This statement constitutes Amendment No. 14 to the Schedule 13D, relating to the shares of common stock, par value $0.01 per share (the “Shares”), issued by Dell Inc. (the “Issuer”), and hereby amends the Schedule 13D filed with the Securities and Exchange Commission (the “SEC”) on May 10, 2013, as amended by Amendment No. 1, filed with the SEC on May 13, 2013, Amendment No. 2, filed with the SEC on June 18, 2013, Amendment No. 3, filed with the SEC on July 1, 2013, Amendment No. 4, filed with the SEC on July 8, 2013, Amendment No. 5, filed with the SEC on July 8, 2013, Amendment No. 6, filed with the SEC on July 10, 2013, Amendment No. 7, filed with the SEC on July 11, 2013, Amendment No. 8, filed with the SEC on July 11, 2013, Amendment No. 9, filed with the SEC on July 12, 2013, Amendment No. 10, filed with the SEC on July 15, 2013, Amendment No. 11, filed with the SEC on July 17, 2013, Amendment No. 12, filed with the SEC on July 18, 2013, and Amendment No. 13, filed with the SEC on July 23, 2013, to furnish the additional information set forth herein.  All capitalized terms contained herein but not otherwise defined shall have the meanings ascribed to such terms in the Schedule 13D.


Item 4.                      Purpose of Transaction

Item 4 of the Schedule 13D is hereby amended by adding the following:

On July 24, 2013, the Reporting Persons issued an open letter to stockholders and the Special Committee of the Board of Directors of the Issuer (the “July 24 Letter”).  A copy of the July 24 Letter is attached hereto as Exhibit 1 and incorporated herein by reference.

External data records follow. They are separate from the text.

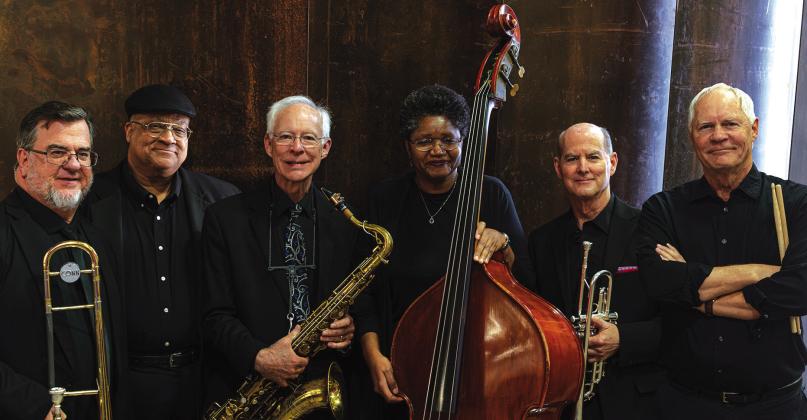 Pictured with HPU’s Stephen Goacher (third from left) are the guest faculty he invited to participate in this musical celebration of Black History Month. From left are Dr. Jeffrey Cottrell of Hardin-Simmons University; Reverend Henry Smith of Mount Zion Baptist Church, Abilene; Goacher; Stacey Nash of Abilene Christian University; Dr. John Irish of Angelo State University; and James Bode of the San Angelo Symphony Orchestra and the West Texas Jazz Orchestra.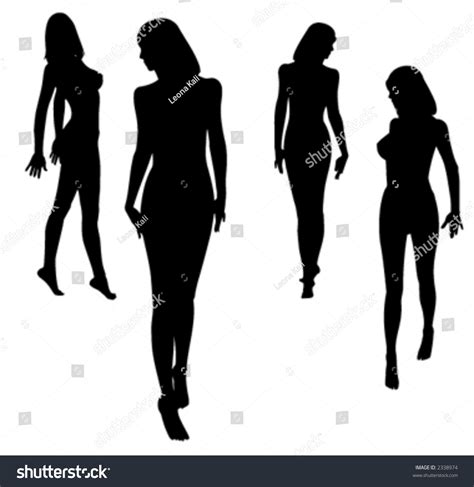 Woman Silhouette Naked Nude Woman Contour Stock Vector Royalty Free 2338974 Shutterstock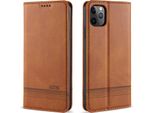 Custodia Iphone 11 Pro Max, Portafoglio Con Chiusura Magnetica E Supporto, Custodia Flip In Pelle Per Iphone 11 Pro Max Marrone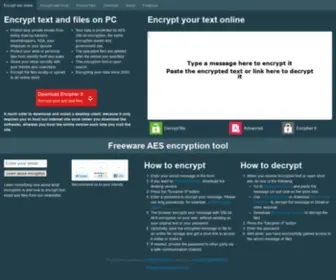 Encipher.it(Encrypt and decrypt text online) Screenshot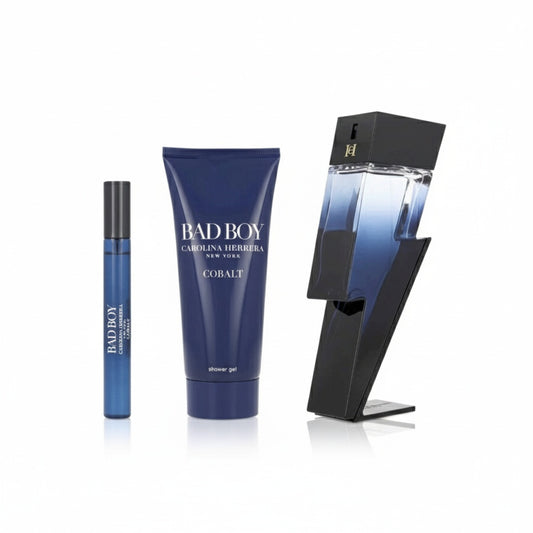CAROLINA HERRERA_CAROLINA CH BAD BOY COBALT 3.4 EDP M + 3.4 S/G+ 10ML NEW (128005) - Spain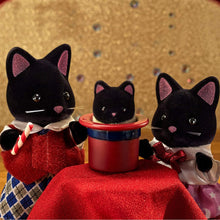 Load image into Gallery viewer, Calico Critters Midnight Cat Family
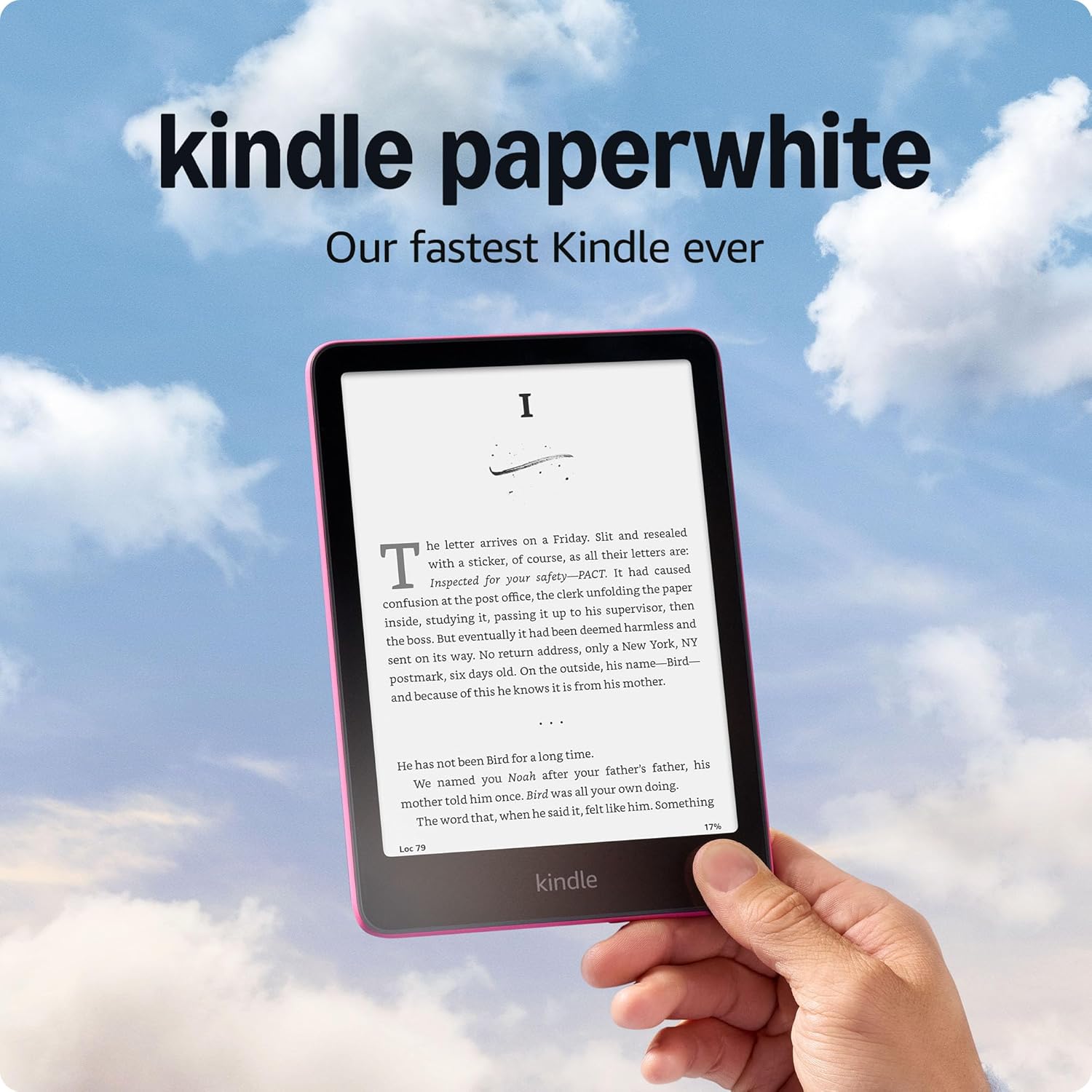 Amazon Kindle Paperwhite 16GB (newest model) – Our fastest Kindle ever, with new 7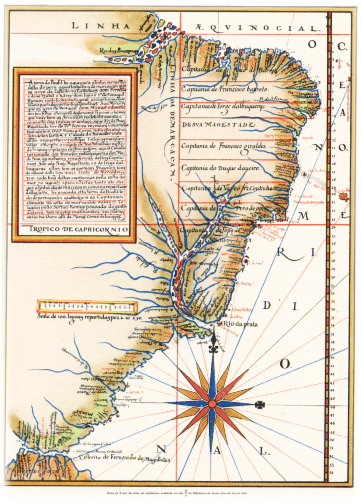 Mapa do Brasil no Século XVI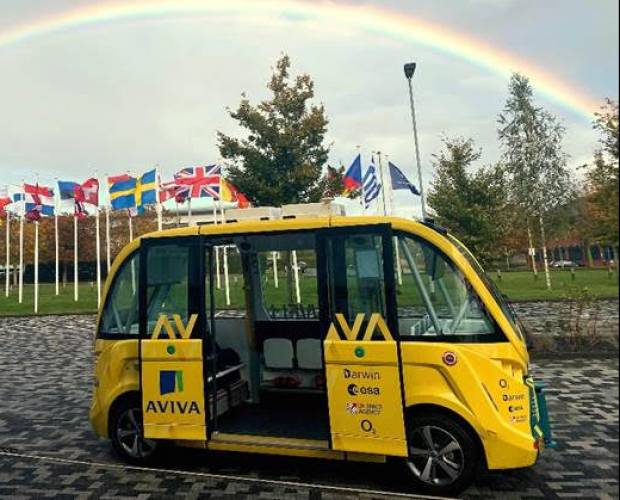 Autonomous shuttle service trial uses satellite comms in addition to 4G and 5G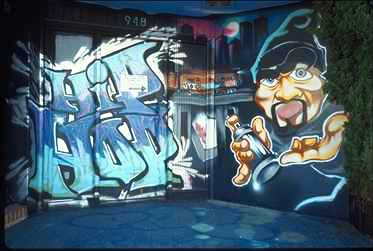 Hip hop graffiti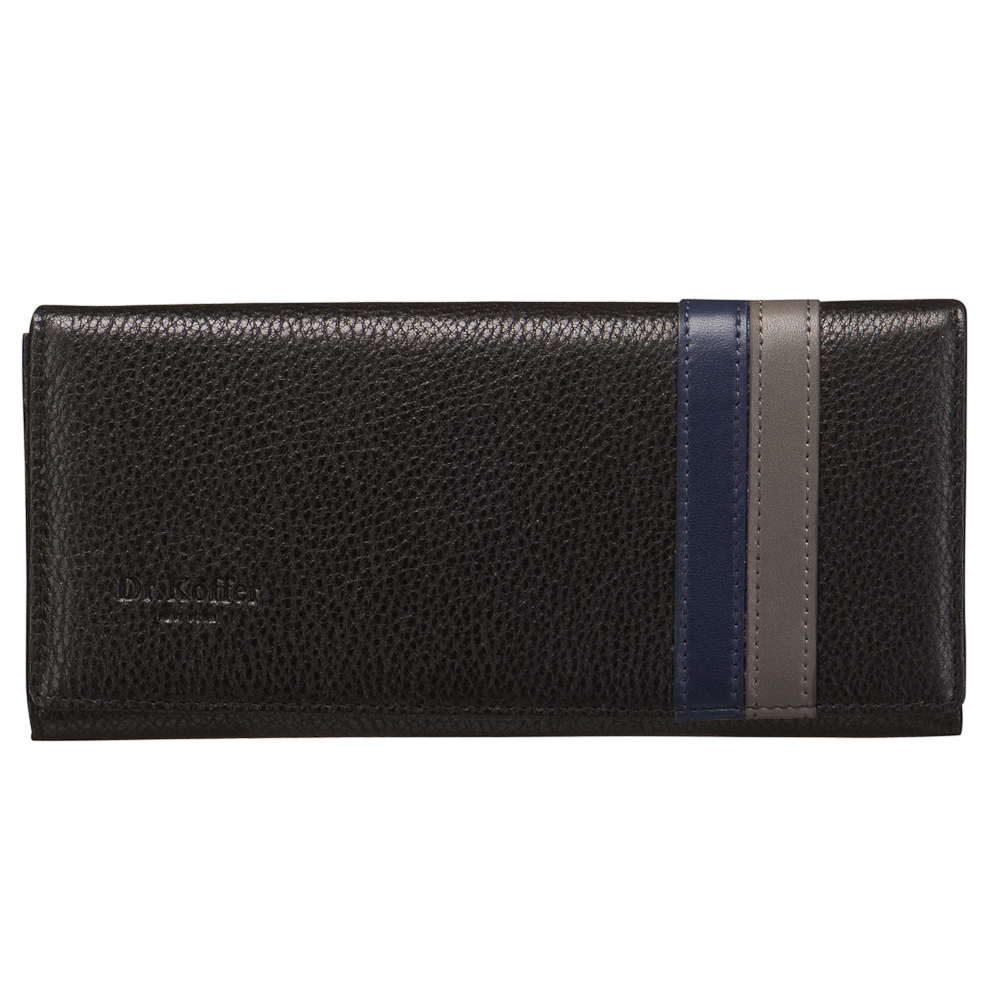 Портмоне Dr.Koffer из натуральной кожи черное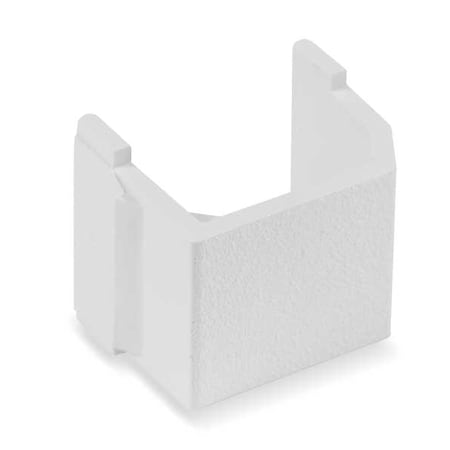 Hubbell SFBW10 Faceplate Module - White, PK10 MPN:SFBW10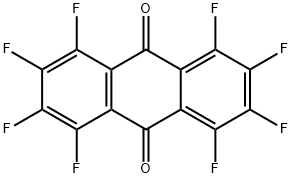 Octafluoro-9,10-anthraquinone分子式结构图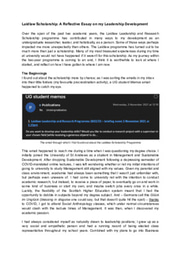 Everything that happened - A Reflective Essay on my Leadership Development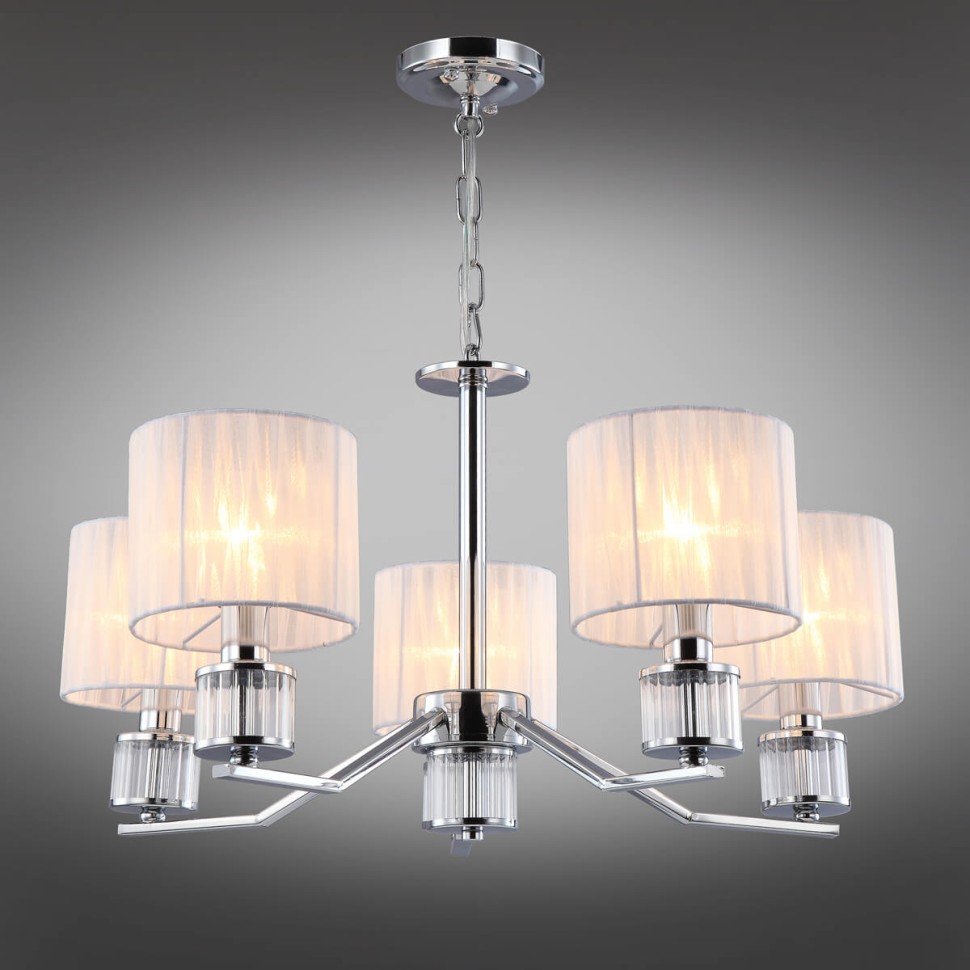 OML-66403-05 OMNILUX подвесная люстра Grandate, хром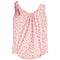 Pointelle Bouquet Floral Tie Shoulder Romper - Denny's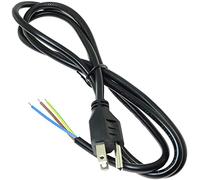 Cable de alimentación Longdex de 4.9 pies, 250 V, 10 A, 16 AWG, Cable de alimentación de 3 Clavijas, Cable de Repuesto para Campana, refrigerador, TV, Monitor, Impresora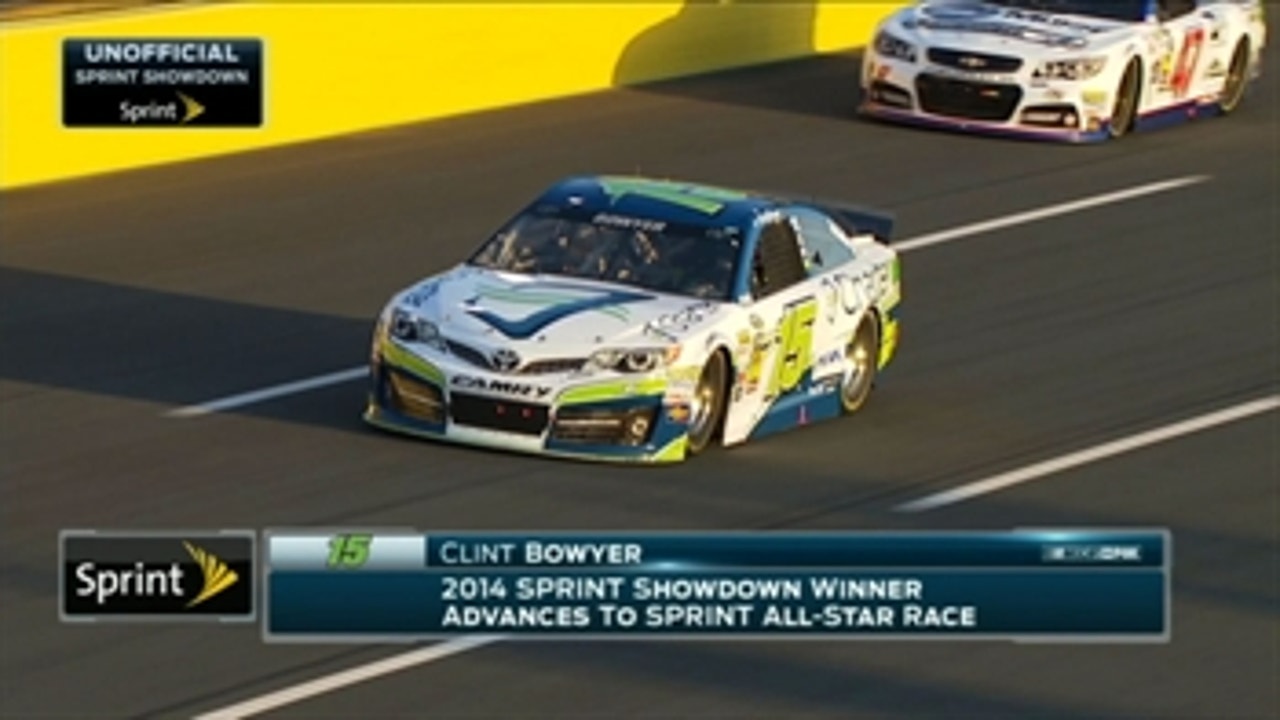 CUP: Clint Bowyer Takes Four Tires, Wins Sprint Showdown - 2014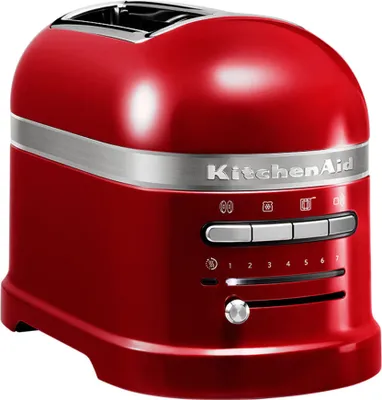Image de Grille-pains 2 fentes 1250w rouge empire - Kitchenaid - 5KMT2204 EER - artisan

Item 7. Material to be Filed as Exhibits

Exhibit 1                      July 24 Letter






 
 

 

SIGNATURE

After reasonable inquiry and to the best of each of the undersigned knowledge and belief, each of the undersigned certifies that the information set forth in this statement is true, complete and correct.

Dated:  July 24, 2013


ICAHN PARTNERS MASTER FUND LP
ICAHN PARTNERS MASTER FUND II LP
ICAHN PARTNERS MASTER FUND III LP
ICAHN OFFSHORE LP
ICAHN PARTNERS LP
ICAHN ONSHORE LP
BECKTON CORP.
HOPPER INVESTMENTS LLC
BARBERRY CORP.
HIGH RIVER LIMITED PARTNERSHIP
By: Hopper Investments LLC, general partner
By:  Barberry Corp.


By:           /s/ Edward E. Mattner
Name: Edward E. Mattner
Title: Authorized Signatory


ICAHN CAPITAL LP
By: IPH GP LLC, its general partner
By: Icahn Enterprises Holdings L.P., its sole member
By: Icahn Enterprises G.P. Inc., its general partner
IPH GP LLC
By: Icahn Enterprises Holdings L.P., its sole member
By: Icahn Enterprises G.P. Inc., its general partner
ICAHN ENTERPRISES HOLDINGS L.P.
By: Icahn Enterprises G.P. Inc., its general partner
ICAHN ENTERPRISES G.P. INC.


By:           /s/ SungHwan Cho
Name: SungHwan Cho
Title: Chief Financial Officer



 
 

 







/s/ Carl C. Icahn_____________
CARL C. ICAHN





[Signature Page of Schedule 13D, Amendment No. 14 – Dell Inc.]
 


 
 

 


Exhibit 1
FOR IMMEDIATE RELEASE

CARL C. ICAHN AND SOUTHEASTERN ASSET MANAGEMENT
 
ISSUE OPEN LETTER TO STOCKHOLDERS OF DELL AND THE SPECIAL COMMITTEE
 

New York, New York, July 24, 2013 – Carl C. Icahn and his affiliates and Southeastern Asset Management today issued the following open letter to stockholders of Dell Inc. and its Special Committee.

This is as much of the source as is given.